一つの視点ではいけない。それでは絶対的正義や暴力やその正当性の誇示に加担することになってしまう。
私が、ちっぽけな私がARTで出来ること。それが二つの異なるものを同時に出現させることだった。本来は100でも200でも足りない多視点的な世界であるけれど、敢えてARTとして二つの極点である中と外の2点に絞った。相対的事象は無限にあるが中は開かれなければ永遠に外である。
そこには余程の偶然か主体の意志が無ければ開かれない彼岸が眠っている。個人の視点が此岸であるならば、別の視点の発見こそが彼岸である。キリストは汝隣人を愛せよと言うが隣人を愛すには隣人に相当した視点を持っていなければならない。何故なら共感なくして相手を愛すことなど不可能だからだ。
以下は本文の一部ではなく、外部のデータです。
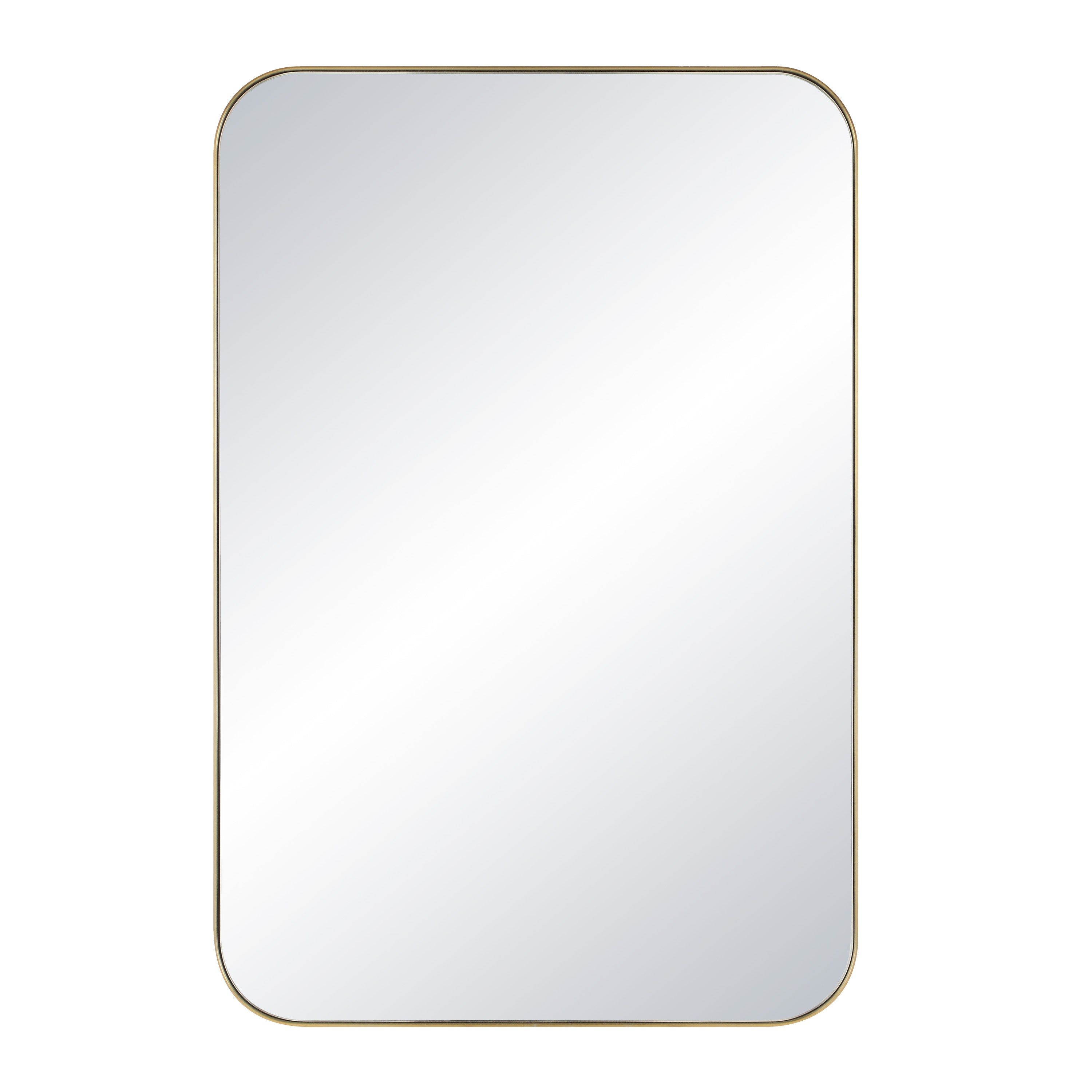 Vesey 36" Tall Rectangle Wall Mirror, Yellow - Main Image - MT2671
一社会における一抹の平和という状態。それを堅持したいと望むのであればあらゆる他者への共感が不可欠である。あらゆる共感を会得するにはあらゆる視点を持たなければならない。知らなければならない。経験により見聞により、あらゆる機会を心中に浸透させて。

もしも、私がこの時代に生まれた意味があるのなら、私がARTの社会性に惹かれた意味もあるのだろう。

金色の、眩いばかりの塊とひっそりと口を閉ざした隣人は誰かに語りかけれるのをじっと待っている。

さぁ、開いてみてほしい。彼岸への扉を。他者への扉、未来への扉を。